How to Make DV Movies at Used Car Prices...That No One Will Want to See1
I was excited about this book but then when I got it and read the first few pages, I was disappointed, big time.

The author is, I think, some liberal arts professor who goes on and on about how to make a movie in less than 19 days. He recommends all sorts of off-the-cuff methods, like not using a script.

OK, dude, people have been making movies like that for decades -- they're called home movies. And guess what -- no one but the person who filmed it likes home movies.

He gives lots of outdated advice like how to share your movie on "low cost" file sharing servers that just point back to your home computer and eat up your bandwidth allowance from your ISP in no time flat. He goes on and on about how great Apple is...buy an Apple...buy an Apple...buy the $1,000 Adobe editing suite...wow, this is becoming one expensive used car!

Not a "How-To-Do-It", but a a "Just Do It"5
Those who've read this and/or previous editions, frequently complain that there is little substantive "how-to" information in the books and that they are simply vehicles for the author's advancing his own aesthetic.

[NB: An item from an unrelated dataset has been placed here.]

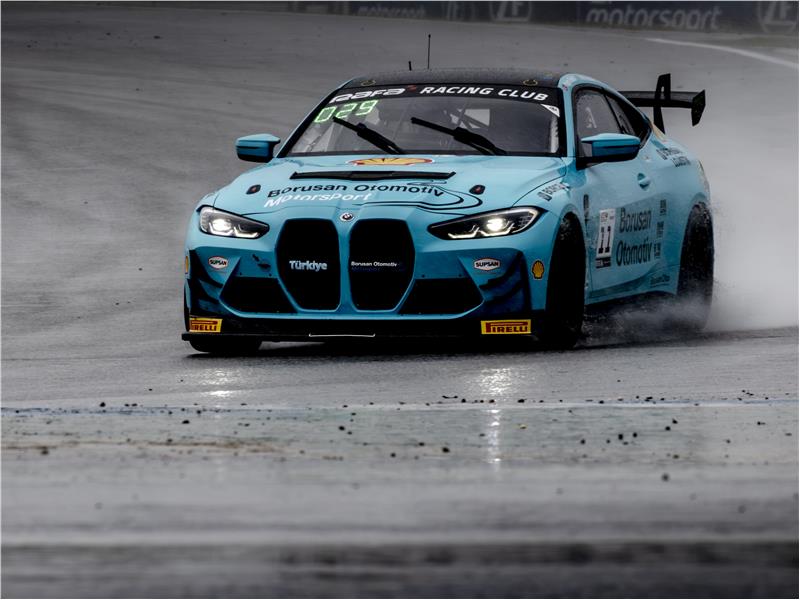 Borusan Otomotiv Motorsport GT4 Avrupa Serisi 5. Ayağını Geride Bıraktı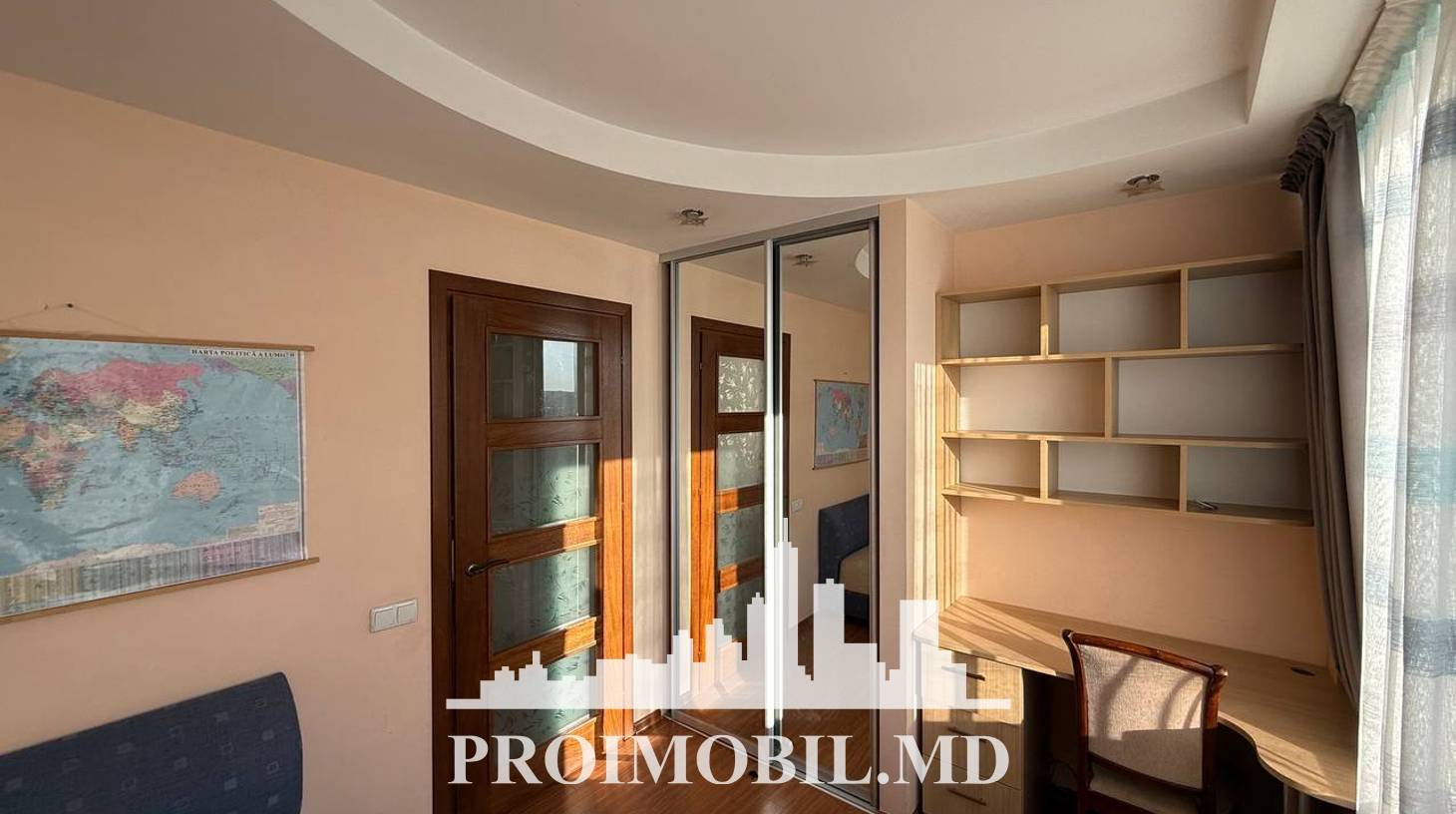 https://images.proimobil.md/ghYQm_AP5drT5LxvUIP89ojY2mhBZXG-PBT8G_0Q_xw/watermark:0.75:so:0:30:0.39/resize:fill:1460:816:1/gravity:ce/bG9jYWw6Ly8vZXN0YXRlL2xyL2IwMjdlZTI3LTQyNDctNDExMy05MmZiLWMxNTlhYTgxZWYwMi5qcGVn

Rick and his many iterations of this book were meant to inspire as much as inform. With the DV revolution, Rick was forced to rewrite this book many times in just a few years, to keep current. Surely anyone whose dabbled at all in film or video the last 5-7 years is bound to be seasick from the many dizzying changes that have occurred in the field.

These tomes are more about getting off the couch and making your dream a reality, rather than a step by step recipe. Rick gives lots of good time and money saving advice and while it's easy to throw rocks at someone who's "never made a film of note", those who are so quick to criticize should take a look at their own lives and be honest about what THEY have produced. Rick has made a nice living for himself producing and consulting on independent works and I admire his tenacity and his refusal to sell out to the corporate mentality.

I have had the pleasure of meeting him and working personally along side him and attending some of his seminars. He is knowledgeable, experienced and "street-wise" to the ways of guerilla feature film production.

It's easy for the rich, elitists to go to NYU or UCLA and study film. What's hard is for the average, middle-class person to break into the field. Books like this one and Rodriguez' Rebel Without A Crew, are always going to meet with skepticism from the "formally trained". Yet year in and year out, Sundance, SXSW, Dallas Video Festival and countless other film festivals are full of incredible works produced by artists who've never darkened the door of a film class.

DV, DVD and now the newer Media card-based camcorders, along with bundled editing software on most newer computers, has enabled a new generation of filmmakers to realize their visions. Extreme DV At Used Car Prices is a great companion book to anyone who has ever dreamed of writing and directing their own feature film.

Thanks, Rick!

Awesome book!4
Do yourself a favor and read it if you are serious about no only making a movie/video but having people sit through and enjoy your work.